Marketing strategy and systems
The marketing thinking your team is missing.
What it is
Strategic marketing work for organizations at a decision point or a capability gap. This is where most of the work lives: building the systems, content strategies, and campaigns that generate inbound interest over time, so you're not dependent on outbound alone.
The focus is inbound: content strategy, email programs, SEO foundations, and the automation that makes it sustainable. I also handle paid media (search, social) and full rebrands when the situation calls for it. The principle is the same either way: build something that works for your organization specifically, not a template applied from the outside.
It's also for organizations that need a clear-eyed outside perspective before spending the budget on a new CRM, an email program, a website rebuild, or a content strategy.
What I bring to this work is a decade of running marketing functions inside real organizations: managing $750,000 global marketing budgets, building HubSpot lead-scoring and attribution systems, growing qualified lead volume 30% in a quarter, running paid search and social campaigns, and leading full rebrands from strategy through execution.
Who it's for
Mid-size nonprofit marketing teams with real technology (HubSpot, Salesforce, Mailchimp with automation) that nobody on staff can configure or interpret.

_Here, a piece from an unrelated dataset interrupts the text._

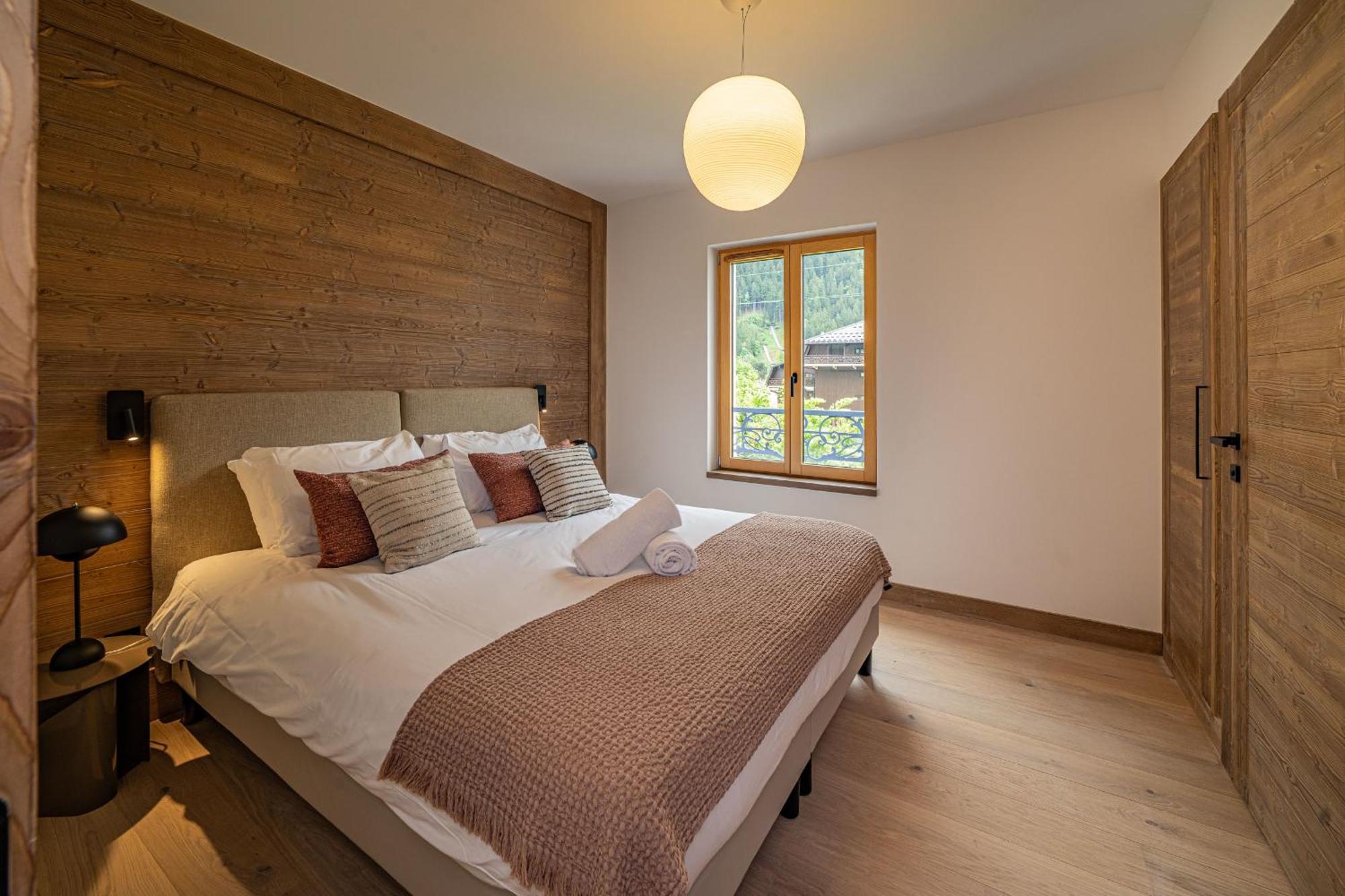 Paradisa- Terrasse Mont-blanc Apartamento *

Organizations whose tech stack was set up by someone who left. Executive Directors who want an honest recommendation, not a vendor pitch, before making a digital investment. Solo practitioners who need a marketing strategy that fits their practice, not a content calendar template.
What it produces
Depends on the engagement. Common outputs include:
- Inbound content strategy: pillars, channels, cadence, and the first 90 days of output
- Email program design: welcome sequences, newsletters, automated nurture flows
- HubSpot or CRM setup, lead-scoring logic, and campaign attribution
- Paid search or paid social campaigns: scoped to your budget and capacity, with honest guidance on when it's worth it and when it isn't
- Marketing audit: what you have, what it's doing, what it should be doing, with prioritized recommendations
- Rebrand strategy: positioning, messaging, and the brief that guides visual execution
- Ongoing advisory: monthly or quarterly check-ins to keep the system working as the organization changes
How it works
- A diagnostic conversation. What you have, what it's doing, what you need it to do.

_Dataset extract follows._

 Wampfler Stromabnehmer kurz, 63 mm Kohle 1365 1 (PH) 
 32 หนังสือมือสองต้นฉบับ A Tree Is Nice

- A written assessment with specific, prioritized recommendations. Not a list of upsells, not a 40-page slide deck.
- Implementation support for what you decide to build: hands-on configuration, not documentation hand-off.
- Ongoing advisory as needed. The relationship is more useful if it continues than if it ends at delivery.
Proof
HubSpot lead-scoring and attribution modeling at TopSource Worldwide (180+ countries, $750K budget, 30% quarterly MQL growth). Email marketing at Dental Lifeline Network (24,000-subscriber network, 24 state-specific campaigns, +20% click rates). Google Ad Grant activation for WorldDenver ($10,000/month in free advertising, new audience acquisition).
Common questions
- Do you set up HubSpot or only use it when a client already has it?
-
Both. New HubSpot implementations, rebuilds of existing instances that nobody knows how to operate, and ongoing lead-scoring and attribution work.

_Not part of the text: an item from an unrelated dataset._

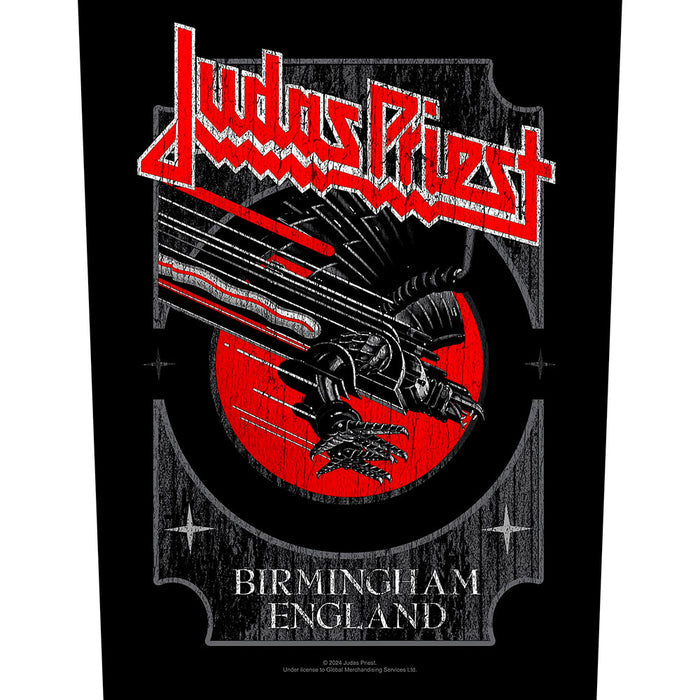 Judas Priest Back Patch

- Can you run paid search or paid social for us?
-
Yes, scoped to your budget. If the budget or the goal does not justify paid media, I will tell you that rather than take the work.
- What is a marketing audit?
-
A written review of what you have, what it is doing, what it should be doing, and which changes would move the most. No upsell list, no 40-page deck.
- Do you do fractional marketing leadership?
-
Yes, on a monthly retainer with capped hours. Good for organizations that need senior marketing thinking without the cost of a full-time hire.